It all started with this.....

It all started with an antique quilt given to me by my Uncle Cliff in 1985. It was made by my Great Grandmother using original fabrics spanning from the 1860's to the 1930's, in a string quilt pattern. All strings were hand pieced. All fabrics were loved. I can imagine Grandpa's shirts, or Grandma's housedress or apron. And now I'm the fortunate steward of this wonderful bit of family history........all made by hand.

Thursday, October 22, 2015

So...you'd like me to sew something for you??


Just because you have a sewing machine (or four) some people think it's okay to ask you to sew something for them. Some actually think they are doing you a favor by asking, like you get up every morning without anything else to do and just wait for ways to spend some time sitting down in front of your machine. 

Now I'm not suggesting you say no, at least not to every request. Only you can decide if you want to invest your time and energy on someone else's project that saves them time and energy....and money. But if you are like me, and occasionally find yourself hiding from people that have asked in the past, catching you off guard and said yes, and now you see them coming straight at you with a Joann's or Hobby Lobby bag, then you better get ready with strategic replies.

As you contemplate your answers, you'll need to quickly assess the importance of your relationship with this person. If you'd like to keep then in your life, cautiously consider your answer.  If not, speed forward with reckless abandon. So how do I know this?  

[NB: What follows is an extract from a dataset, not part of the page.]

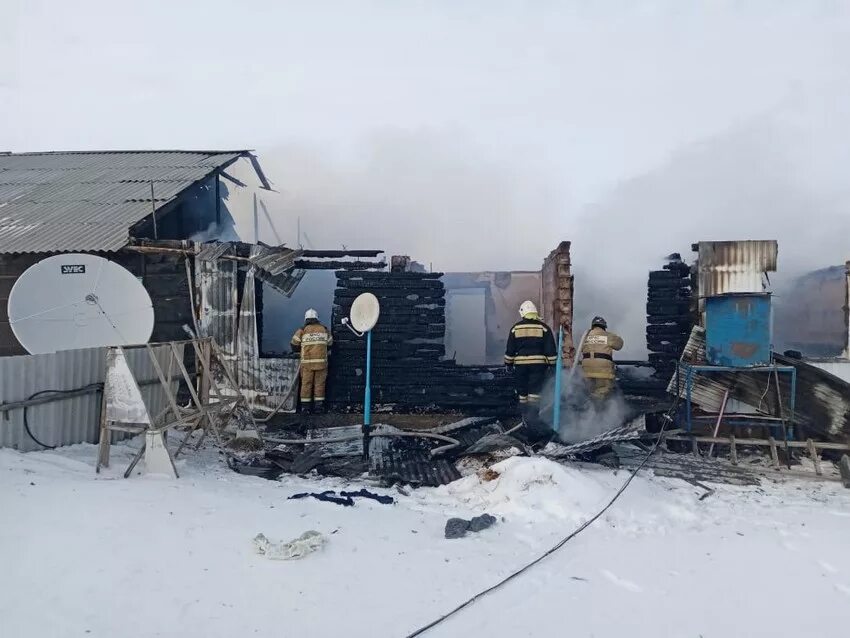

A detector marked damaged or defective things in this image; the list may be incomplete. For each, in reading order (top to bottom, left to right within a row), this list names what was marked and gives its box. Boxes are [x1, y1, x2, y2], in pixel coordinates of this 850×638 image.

As a very young person I asked a friend to make my wedding dress. She had seriously mad sewing skills, and I knew she'd do a fabulous job.  And I couldn't afford a store bought dress. It was perfect match.....I thought.  Fast forward four decades later and I'm one VERY lucky person because I dodged a big bullet on this one....she said yes, I am still married to the same hubs, still have the dress, and most seriously grateful, have the same dear friend. But my request could have gone bad anytime. I'd rather have her friendship than the dress any day.  So consider all these responses VERY carefully:

1 - No....you know yourself better than the requester. If you aren’t inspired and can't get behind the project than say so now.  Hold firm, stay strong, make eye contact. Make your no be no.  But do it kindly, respectfully, and not rudely. Assume there may be some additional prodding from the other person, but stand firm. Better to let them down nicely now than waffle latter. 

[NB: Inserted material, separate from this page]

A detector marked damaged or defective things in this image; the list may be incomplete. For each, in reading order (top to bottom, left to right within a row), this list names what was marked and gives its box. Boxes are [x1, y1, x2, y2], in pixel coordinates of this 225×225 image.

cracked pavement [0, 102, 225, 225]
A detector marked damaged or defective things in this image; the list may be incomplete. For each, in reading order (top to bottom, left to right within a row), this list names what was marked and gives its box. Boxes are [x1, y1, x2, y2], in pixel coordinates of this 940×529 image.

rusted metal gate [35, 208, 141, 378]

2 - Yes.....if no doesn't seem to come out of your mouth, make sure your yes is really yes. Don't back pedal an hour, or a day later. Make the commitment and keep it.  If you begin to have regrets go home immediately and get it done before your dog chews it up, or you lose it, or some other fabricated story you make up to avoid doing the project.  NOTE - A special yes/no option about this version, if you are the passive aggressive type, you may say yes to avoid a conflict then immediately feel victimized and want to find ways to weasel out. If this is you, immediately go up back up to number one, and carefully reconsider this option. 

3 - I think there are some custom sewers nearby, lets see what we can Google......this is a soft no. But you are helping them by referring them. No drop no foul.

4 - I really value our relationship and don't want anything to come between us.  Boy, the friend that made my wedding dress sure could have said this. But, our friendship was very young and maybe she was very willing to risk it back then. Hmmmm....I've got to think about that a while. 

5 - You're kidding, right? This is followed up with tear-producing laughter. Plan on this option ending your friendship.

6 - Sure, but you can probably buy one ready-made faster and cheaper than it will cost you to have me make it....this is probably the most honest of all options. And depending on how you deliver it, the kindest. Be ready to give them an outrageous lead-time and labor estimate.

7 - You can't afford me, a tailor will do it cheaper......quickly Google a nearby tailor and suggest calling for a quote. If nothing more, it will tell the person how much your time is really worth, a lot! The risk? They may still want you to do it even knowing your cost, but at least you won't feel taken advantage of.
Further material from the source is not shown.